Write out exactly the lines from the one containing "Michael Kors" through the last line of the records below, and no others.

START Data shown

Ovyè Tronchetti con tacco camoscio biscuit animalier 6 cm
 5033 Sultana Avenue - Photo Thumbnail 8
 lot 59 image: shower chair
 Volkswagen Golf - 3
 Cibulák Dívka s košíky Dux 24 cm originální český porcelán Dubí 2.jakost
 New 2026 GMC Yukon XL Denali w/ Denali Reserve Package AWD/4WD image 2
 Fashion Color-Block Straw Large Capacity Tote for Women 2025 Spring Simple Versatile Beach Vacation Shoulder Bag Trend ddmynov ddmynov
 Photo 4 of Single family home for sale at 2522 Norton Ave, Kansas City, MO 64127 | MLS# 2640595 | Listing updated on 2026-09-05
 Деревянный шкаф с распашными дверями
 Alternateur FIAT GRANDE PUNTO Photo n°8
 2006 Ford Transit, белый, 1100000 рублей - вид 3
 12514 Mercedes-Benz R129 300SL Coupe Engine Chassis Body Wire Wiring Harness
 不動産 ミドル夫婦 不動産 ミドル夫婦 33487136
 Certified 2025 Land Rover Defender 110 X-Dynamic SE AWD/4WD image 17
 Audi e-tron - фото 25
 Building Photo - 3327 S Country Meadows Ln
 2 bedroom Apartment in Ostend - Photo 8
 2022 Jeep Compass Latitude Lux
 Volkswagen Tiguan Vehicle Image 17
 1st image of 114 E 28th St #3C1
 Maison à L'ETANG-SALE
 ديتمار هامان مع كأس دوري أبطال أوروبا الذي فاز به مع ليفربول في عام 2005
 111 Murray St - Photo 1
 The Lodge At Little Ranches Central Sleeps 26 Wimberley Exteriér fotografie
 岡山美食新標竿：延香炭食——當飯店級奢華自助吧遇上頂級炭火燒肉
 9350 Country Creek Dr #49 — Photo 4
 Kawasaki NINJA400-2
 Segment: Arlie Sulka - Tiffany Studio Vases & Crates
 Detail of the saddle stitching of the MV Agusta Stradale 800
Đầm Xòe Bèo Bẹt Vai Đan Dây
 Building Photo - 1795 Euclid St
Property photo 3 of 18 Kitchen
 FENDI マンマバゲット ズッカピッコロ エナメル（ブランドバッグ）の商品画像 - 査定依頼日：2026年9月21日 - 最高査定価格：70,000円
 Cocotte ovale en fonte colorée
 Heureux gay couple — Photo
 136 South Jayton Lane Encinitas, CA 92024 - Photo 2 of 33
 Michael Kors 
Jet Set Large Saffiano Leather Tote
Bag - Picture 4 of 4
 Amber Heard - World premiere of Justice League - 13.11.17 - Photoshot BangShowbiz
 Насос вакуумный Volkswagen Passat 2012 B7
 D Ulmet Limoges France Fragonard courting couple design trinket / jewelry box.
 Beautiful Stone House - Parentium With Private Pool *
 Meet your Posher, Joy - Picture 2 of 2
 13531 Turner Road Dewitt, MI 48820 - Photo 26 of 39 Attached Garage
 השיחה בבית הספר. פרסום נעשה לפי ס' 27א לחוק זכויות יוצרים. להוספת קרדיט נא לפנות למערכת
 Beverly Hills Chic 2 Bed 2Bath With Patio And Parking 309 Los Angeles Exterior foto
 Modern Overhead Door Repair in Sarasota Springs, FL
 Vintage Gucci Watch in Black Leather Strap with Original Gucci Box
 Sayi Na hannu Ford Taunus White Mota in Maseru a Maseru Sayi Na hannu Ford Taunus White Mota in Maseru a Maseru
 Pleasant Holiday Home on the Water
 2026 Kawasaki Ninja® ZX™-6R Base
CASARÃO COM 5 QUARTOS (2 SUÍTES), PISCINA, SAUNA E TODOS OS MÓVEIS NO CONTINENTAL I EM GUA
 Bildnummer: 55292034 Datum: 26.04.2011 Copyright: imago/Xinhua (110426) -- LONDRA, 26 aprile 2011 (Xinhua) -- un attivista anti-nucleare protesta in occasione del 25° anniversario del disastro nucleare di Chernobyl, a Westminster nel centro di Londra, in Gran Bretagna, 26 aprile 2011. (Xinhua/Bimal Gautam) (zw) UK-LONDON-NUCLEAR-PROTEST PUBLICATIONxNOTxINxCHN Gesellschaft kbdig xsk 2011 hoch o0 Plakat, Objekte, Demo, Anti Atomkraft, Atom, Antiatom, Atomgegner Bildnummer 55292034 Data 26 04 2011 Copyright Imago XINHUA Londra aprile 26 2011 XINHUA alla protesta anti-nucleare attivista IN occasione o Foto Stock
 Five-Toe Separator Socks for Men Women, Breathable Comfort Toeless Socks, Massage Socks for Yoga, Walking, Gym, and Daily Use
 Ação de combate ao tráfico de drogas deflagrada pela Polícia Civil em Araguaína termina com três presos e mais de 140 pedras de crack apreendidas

END Data shown

● **Solution to this task**
 Michael Kors 
Jet Set Large Saffiano Leather Tote
Bag - Picture 4 of 4
 Amber Heard - World premiere of Justice League - 13.11.17 - Photoshot BangShowbiz
 Насос вакуумный Volkswagen Passat 2012 B7
 D Ulmet Limoges France Fragonard courting couple design trinket / jewelry box.
 Beautiful Stone House - Parentium With Private Pool *
 Meet your Posher, Joy - Picture 2 of 2
 13531 Turner Road Dewitt, MI 48820 - Photo 26 of 39 Attached Garage
 השיחה בבית הספר. פרסום נעשה לפי ס' 27א לחוק זכויות יוצרים. להוספת קרדיט נא לפנות למערכת
 Beverly Hills Chic 2 Bed 2Bath With Patio And Parking 309 Los Angeles Exterior foto
 Modern Overhead Door Repair in Sarasota Springs, FL
 Vintage Gucci Watch in Black Leather Strap with Original Gucci Box
 Sayi Na hannu Ford Taunus White Mota in Maseru a Maseru Sayi Na hannu Ford Taunus White Mota in Maseru a Maseru
 Pleasant Holiday Home on the Water
 2026 Kawasaki Ninja® ZX™-6R Base
CASARÃO COM 5 QUARTOS (2 SUÍTES), PISCINA, SAUNA E TODOS OS MÓVEIS NO CONTINENTAL I EM GUA
 Bildnummer: 55292034 Datum: 26.04.2011 Copyright: imago/Xinhua (110426) -- LONDRA, 26 aprile 2011 (Xinhua) -- un attivista anti-nucleare protesta in occasione del 25° anniversario del disastro nucleare di Chernobyl, a Westminster nel centro di Londra, in Gran Bretagna, 26 aprile 2011. (Xinhua/Bimal Gautam) (zw) UK-LONDON-NUCLEAR-PROTEST PUBLICATIONxNOTxINxCHN Gesellschaft kbdig xsk 2011 hoch o0 Plakat, Objekte, Demo, Anti Atomkraft, Atom, Antiatom, Atomgegner Bildnummer 55292034 Data 26 04 2011 Copyright Imago XINHUA Londra aprile 26 2011 XINHUA alla protesta anti-nucleare attivista IN occasione o Foto Stock
 Five-Toe Separator Socks for Men Women, Breathable Comfort Toeless Socks, Massage Socks for Yoga, Walking, Gym, and Daily Use
 Ação de combate ao tráfico de drogas deflagrada pela Polícia Civil em Araguaína termina com três presos e mais de 140 pedras de crack apreendidas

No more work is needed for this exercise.